====== GIVEN DATA ======

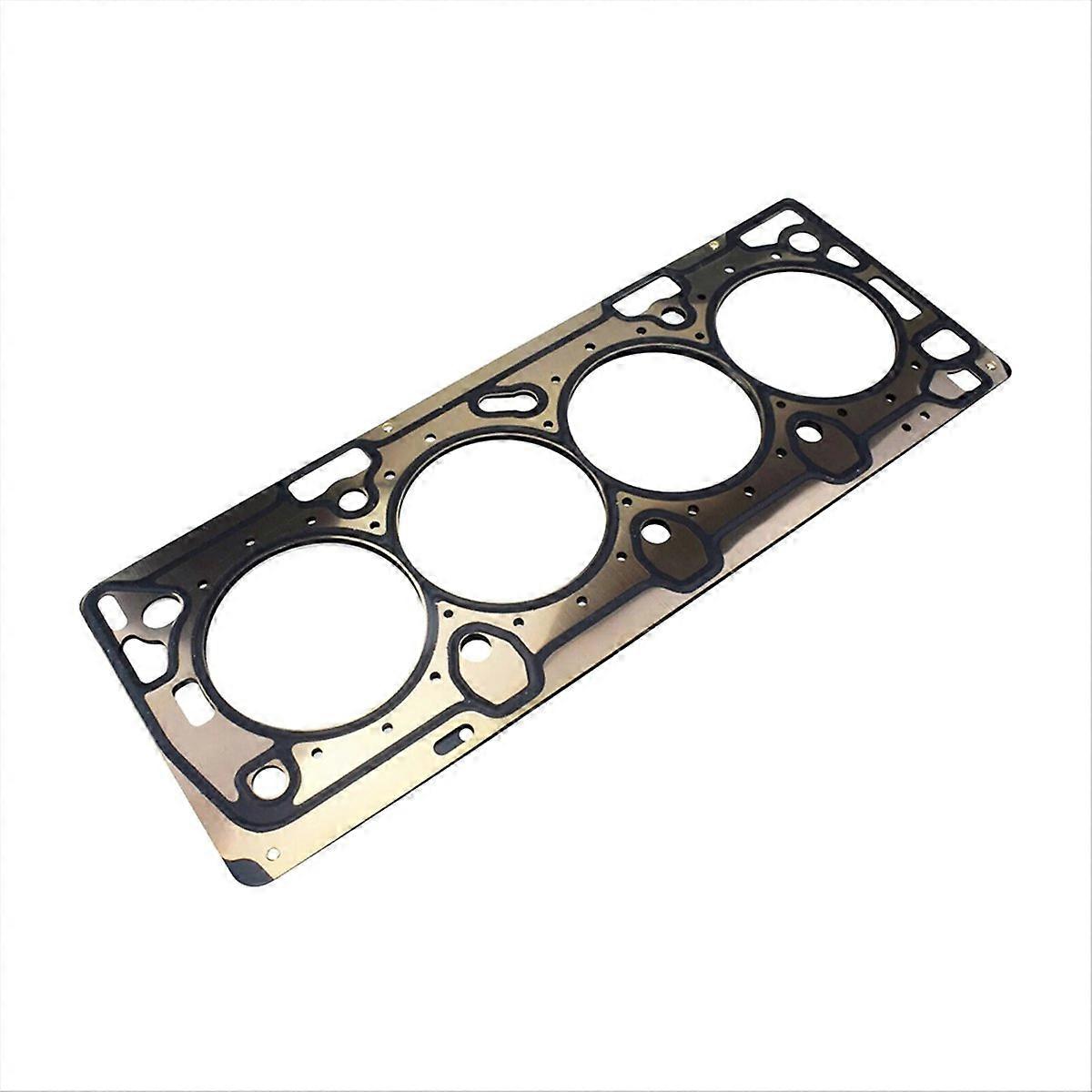 Engine Cylinder Gasket For Aveo G3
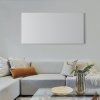 70 12 infra topny panel infratherm 13
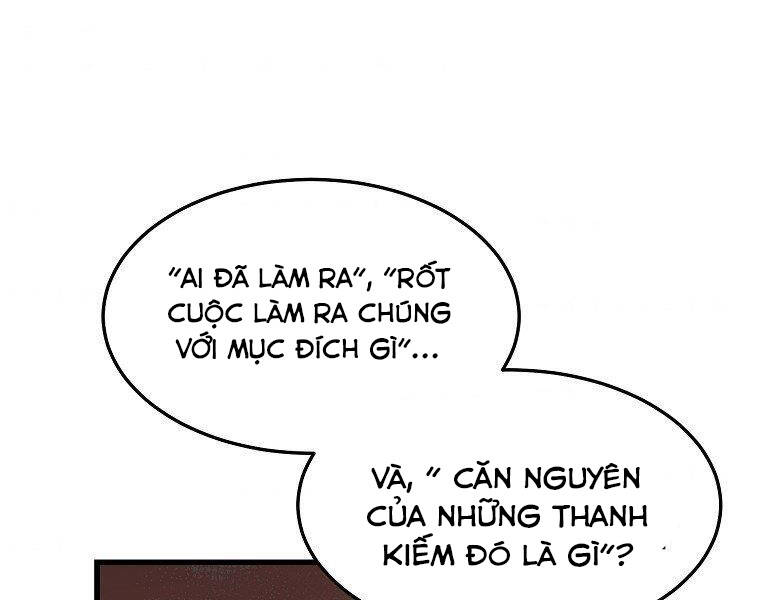 Đại Tướng Quân chapter 33 - Upload bởi truyensieuhay.com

======

• _PROBLEM DETAILS_
Print the listing verbatim, images excluded.

• _THE COMPLETED TASK_
 Engine Cylinder Gasket For Aveo G3
 70 12 infra topny panel infratherm 13
 Đại Tướng Quân chapter 33 - Upload bởi truyensieuhay.com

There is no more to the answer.